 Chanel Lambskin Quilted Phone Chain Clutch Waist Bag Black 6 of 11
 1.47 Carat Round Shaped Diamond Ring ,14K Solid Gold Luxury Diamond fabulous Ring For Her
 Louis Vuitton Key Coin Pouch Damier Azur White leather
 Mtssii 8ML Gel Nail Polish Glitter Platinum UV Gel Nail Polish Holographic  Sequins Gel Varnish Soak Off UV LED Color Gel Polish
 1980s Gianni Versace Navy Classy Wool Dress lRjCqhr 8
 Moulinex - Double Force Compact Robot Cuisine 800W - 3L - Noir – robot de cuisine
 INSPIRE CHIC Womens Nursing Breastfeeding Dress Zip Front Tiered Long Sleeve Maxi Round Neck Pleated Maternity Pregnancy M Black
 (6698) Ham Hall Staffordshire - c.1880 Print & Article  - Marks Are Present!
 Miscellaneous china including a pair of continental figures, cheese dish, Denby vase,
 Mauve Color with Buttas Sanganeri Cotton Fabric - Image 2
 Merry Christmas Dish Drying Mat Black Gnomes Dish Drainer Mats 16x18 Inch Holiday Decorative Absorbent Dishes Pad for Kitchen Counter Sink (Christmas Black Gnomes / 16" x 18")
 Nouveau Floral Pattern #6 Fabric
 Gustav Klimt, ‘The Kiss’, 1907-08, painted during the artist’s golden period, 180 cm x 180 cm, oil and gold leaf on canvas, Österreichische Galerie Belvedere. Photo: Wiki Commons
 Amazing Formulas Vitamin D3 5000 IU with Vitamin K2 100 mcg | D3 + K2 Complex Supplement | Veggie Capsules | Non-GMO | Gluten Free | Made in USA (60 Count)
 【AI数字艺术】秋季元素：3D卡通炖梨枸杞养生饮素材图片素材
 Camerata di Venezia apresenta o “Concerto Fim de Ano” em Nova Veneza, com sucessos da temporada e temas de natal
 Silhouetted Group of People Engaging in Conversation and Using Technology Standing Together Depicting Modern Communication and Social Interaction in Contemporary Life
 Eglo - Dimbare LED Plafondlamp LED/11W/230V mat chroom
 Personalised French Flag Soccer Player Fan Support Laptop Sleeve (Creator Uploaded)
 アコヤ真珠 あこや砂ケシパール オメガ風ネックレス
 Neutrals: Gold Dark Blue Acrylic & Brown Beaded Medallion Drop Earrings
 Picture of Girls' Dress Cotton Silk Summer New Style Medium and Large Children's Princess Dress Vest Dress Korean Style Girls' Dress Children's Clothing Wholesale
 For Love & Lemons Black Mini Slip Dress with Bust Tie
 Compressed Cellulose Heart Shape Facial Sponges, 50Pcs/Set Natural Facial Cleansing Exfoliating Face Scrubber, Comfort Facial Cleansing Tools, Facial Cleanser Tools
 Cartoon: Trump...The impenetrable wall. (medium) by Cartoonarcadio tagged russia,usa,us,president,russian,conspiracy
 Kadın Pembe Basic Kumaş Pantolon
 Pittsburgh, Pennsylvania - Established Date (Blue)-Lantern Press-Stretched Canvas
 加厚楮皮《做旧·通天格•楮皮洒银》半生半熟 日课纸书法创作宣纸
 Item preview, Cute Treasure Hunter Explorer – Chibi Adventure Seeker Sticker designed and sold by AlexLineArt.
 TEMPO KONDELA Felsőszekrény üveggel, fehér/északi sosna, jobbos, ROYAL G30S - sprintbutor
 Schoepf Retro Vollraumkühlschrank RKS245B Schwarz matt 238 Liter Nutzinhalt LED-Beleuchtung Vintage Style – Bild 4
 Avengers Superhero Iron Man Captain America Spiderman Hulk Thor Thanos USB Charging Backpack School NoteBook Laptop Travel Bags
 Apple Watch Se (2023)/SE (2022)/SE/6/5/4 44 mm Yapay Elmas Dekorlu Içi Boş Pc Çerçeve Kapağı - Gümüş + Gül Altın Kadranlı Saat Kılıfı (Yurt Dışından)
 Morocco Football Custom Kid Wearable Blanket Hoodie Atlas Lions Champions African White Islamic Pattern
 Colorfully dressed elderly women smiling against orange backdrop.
· · ·
§ THE TASK
Could you show every line of the material that includes the string "Round"?

§ ANSWER SPACE
 1.47 Carat Round Shaped Diamond Ring ,14K Solid Gold Luxury Diamond fabulous Ring For Her
 INSPIRE CHIC Womens Nursing Breastfeeding Dress Zip Front Tiered Long Sleeve Maxi Round Neck Pleated Maternity Pregnancy M Black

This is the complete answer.